═════ Extracted records ═════

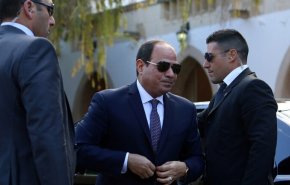 السيسي يبحث مد الجيش المصري بأسلحة جديدة 
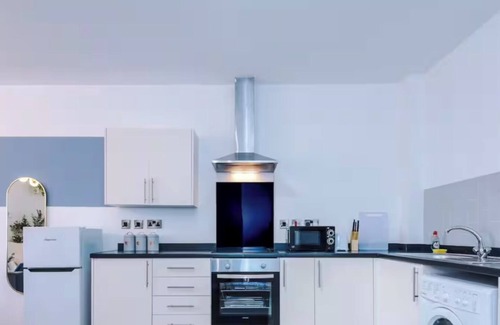 Salford Apartment | Family Friendly 8 Guests Flat & Free Parking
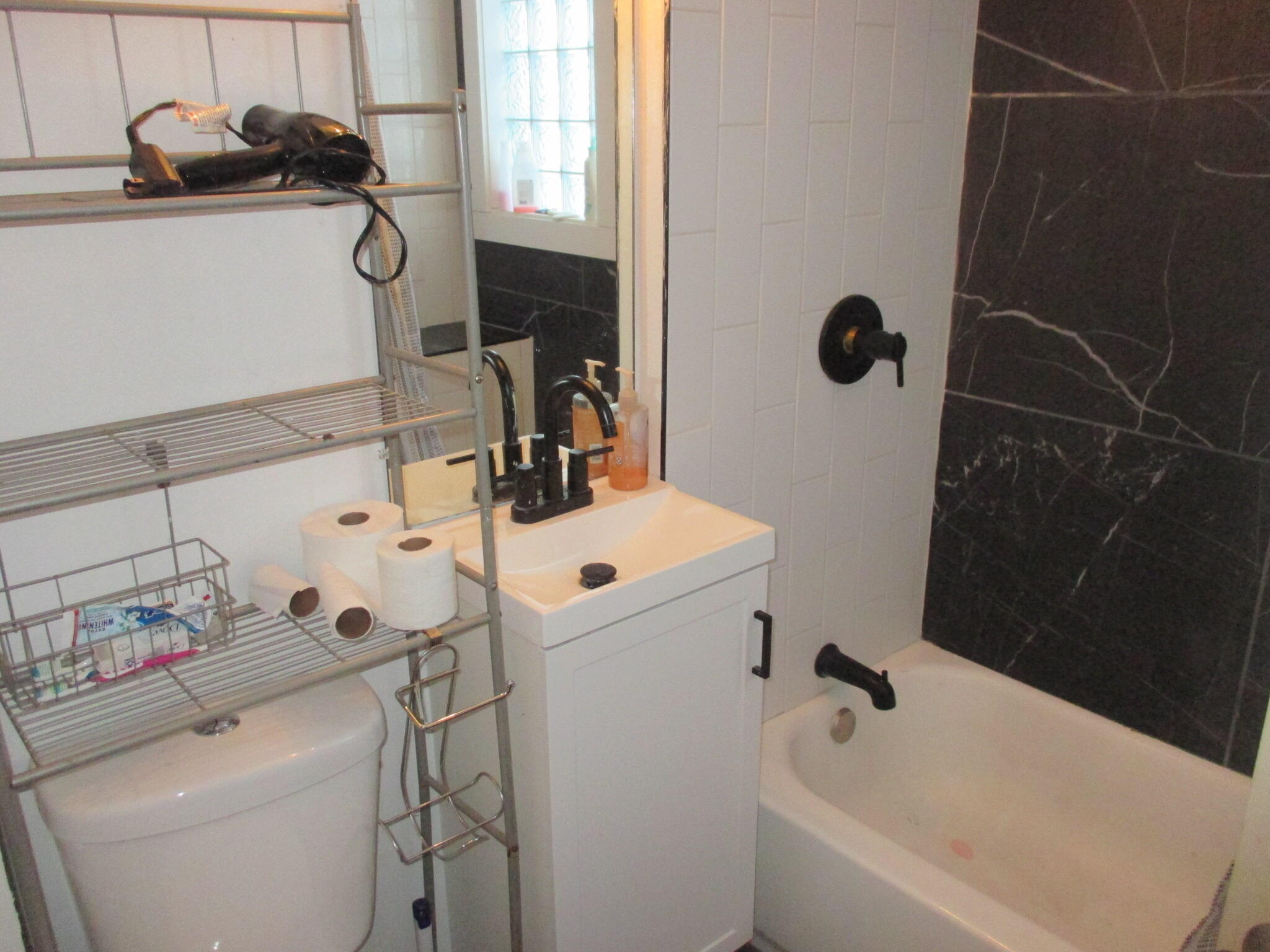 2842 North 16th Street Milwaukee, WI 53206 - Photo 15 of 30 IMG_2850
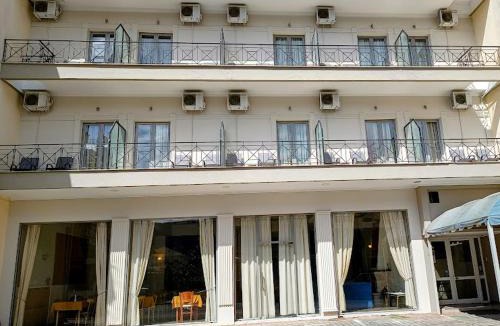 Kalambaka Hotel | Hotel King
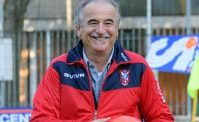 VIDEO - Addio a Mondonico, migliaia in piazza a Rivolta per il funerale: You'll never walk alone!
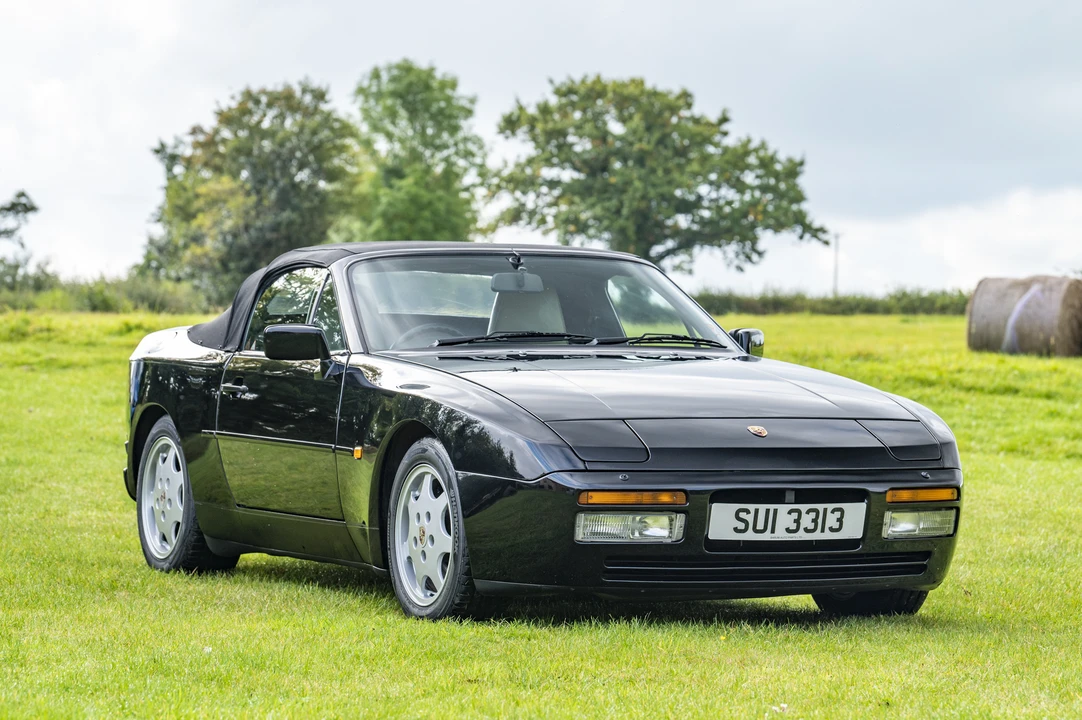 1989 Porsche 944 S2 - Image 13 of 31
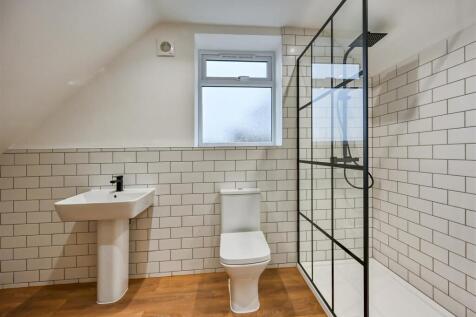 16 Redford Drive-09.jpg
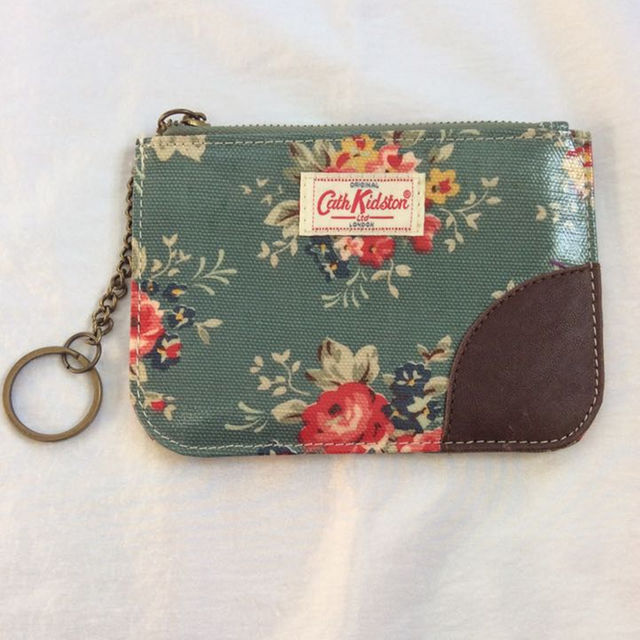 Cath Kidston(キャスキッドソン)のCath Kidston カード入れ レディースのファッション小物(名刺入れ/定期入れ)の商品写真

═════

_Task objective_:
Exactly as written, reproduce the lines from the one containing "2842 North 16th" through the last line of the entries above, and leave every picture out.

_Expected output_:
 2842 North 16th Street Milwaukee, WI 53206 - Photo 15 of 30 IMG_2850
 Kalambaka Hotel | Hotel King
 VIDEO - Addio a Mondonico, migliaia in piazza a Rivolta per il funerale: You'll never walk alone!
 1989 Porsche 944 S2 - Image 13 of 31
 16 Redford Drive-09.jpg
 Cath Kidston(キャスキッドソン)のCath Kidston カード入れ レディースのファッション小物(名刺入れ/定期入れ)の商品写真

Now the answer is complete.